Cette responsabilité implique bien sûr d’intégrer le développement durable dans notre réflexion, au quotidien. Nous effectuons un suivi des actions sociales et environnementales, qui répondent à notre objectif de sécurisation de nos approvisionnements. Acheter mieux, c’est une chose, mais il faut que cela le soit durablement. C’est pour cela que toutes nos initiatives sont gérées par les achats et par les équipes de la société Givaudan, sur place. Je passe 75% de mon temps sur le terrain avec les petits producteurs, essentiellement en Asie et Océan Indien, et de façon moindre, en Amérique du sud.

Quelle est la place des nouvelles technologies d’information dans votre activité ?
Pour le patchouli, compte tenu des distances et moyens de communications un peu complexes sur place, nous avons mis en place un outil de suivi et de reporting , l’i-source, créé par Givaudan sur ipad. Nous y avons recensé les 800 producteurs de patchouli en Indonésie (fermiers, et/ou distillateurs** et/ou collecteurs), qui ont chacun un téléphone portable pour être en contact avec l’un de nos quatre acheteurs-brousse (tous experts dans cette matière première). Cela nous permet d’avoir en direct, en temps réel, l’état des achats, et l’acceptation par le contrôle qualité locale des lots de matières premières apportés sur place.

Comment formez vous les personnes engagées dans ces programmes ?
Cela fait effectivement parti de notre responsabilité que de former le personnel sur place, et nous le faisons, pour ce qui concerne le patchouli par exemple, via une distillerie pilote qui permet aux producteurs de venir, de découvrir les process, de les aider à les mettre en place, pour de meilleurs rendements et une qualité optimisée. Le meilleur patchouli du monde, s’il est distillé dans de mauvaises conditions, ne pourra pas être utilisé. Nous avons à Bornéo une exploitation de 100 hectares de patchouli, véritable laboratoire à ciel ouvert où nous pouvons tester tous ces process, et vérifier les qualités obtenues en jouant sur le séchage et la distillation.

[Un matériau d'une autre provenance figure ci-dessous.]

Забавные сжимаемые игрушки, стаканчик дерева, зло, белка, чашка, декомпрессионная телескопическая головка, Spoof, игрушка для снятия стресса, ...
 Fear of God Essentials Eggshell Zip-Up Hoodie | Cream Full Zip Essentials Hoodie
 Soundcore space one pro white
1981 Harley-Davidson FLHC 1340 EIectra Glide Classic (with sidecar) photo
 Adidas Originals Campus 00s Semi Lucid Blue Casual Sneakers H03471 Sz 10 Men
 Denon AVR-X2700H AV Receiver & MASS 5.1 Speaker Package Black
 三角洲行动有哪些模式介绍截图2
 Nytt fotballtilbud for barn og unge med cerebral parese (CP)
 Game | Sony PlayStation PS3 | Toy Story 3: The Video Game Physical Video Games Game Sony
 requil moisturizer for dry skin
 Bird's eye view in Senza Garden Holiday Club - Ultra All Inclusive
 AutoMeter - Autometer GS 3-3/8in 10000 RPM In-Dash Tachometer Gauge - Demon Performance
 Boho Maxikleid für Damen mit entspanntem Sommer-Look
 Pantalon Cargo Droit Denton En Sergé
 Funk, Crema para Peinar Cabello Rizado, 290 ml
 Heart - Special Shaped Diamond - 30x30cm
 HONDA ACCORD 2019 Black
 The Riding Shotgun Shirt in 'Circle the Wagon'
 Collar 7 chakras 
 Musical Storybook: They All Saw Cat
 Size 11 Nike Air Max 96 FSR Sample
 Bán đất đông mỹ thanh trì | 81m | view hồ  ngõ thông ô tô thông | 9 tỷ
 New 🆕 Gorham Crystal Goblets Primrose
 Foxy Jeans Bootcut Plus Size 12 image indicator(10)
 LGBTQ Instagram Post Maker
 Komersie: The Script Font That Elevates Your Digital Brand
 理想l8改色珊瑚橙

Quel conseil donneriez vous à un étudiant qui souhaite faire votre métier ?
De se donner les moyens pour arriver à faire ce métier qui est tout simplement formidable ! Et donc d’avoir une solide formation technique, comme ingénieur agro ou chimiste, et de faire un 3ème cycle Achat.

Tout sur le patchouli, la plante, son sourcing, son utilisation en parfumerie

www.givaudan.com/patchouli
*Givaudan est le leader mondial des arômes et des parfums, et participe à la création de produits alimentaires, boissons, produits d’entretien, d’hygiène et de parfumerie.

** Un distillateur possède un alambic dans lequel il effectue une opération sur la matière brute, placée sur un plateau perforée au dessus d’une eau portée à ébullition. La vapeur d’eau qui passe à travers ces feuilles ou fleurs s’imprègne des particules odorantes. Après refroidissement et condensation, l’eau se sépare de cette huile essentielle gorgée de principes olfactifs, qui est alors recueillie pour être utilisée en parfumerie.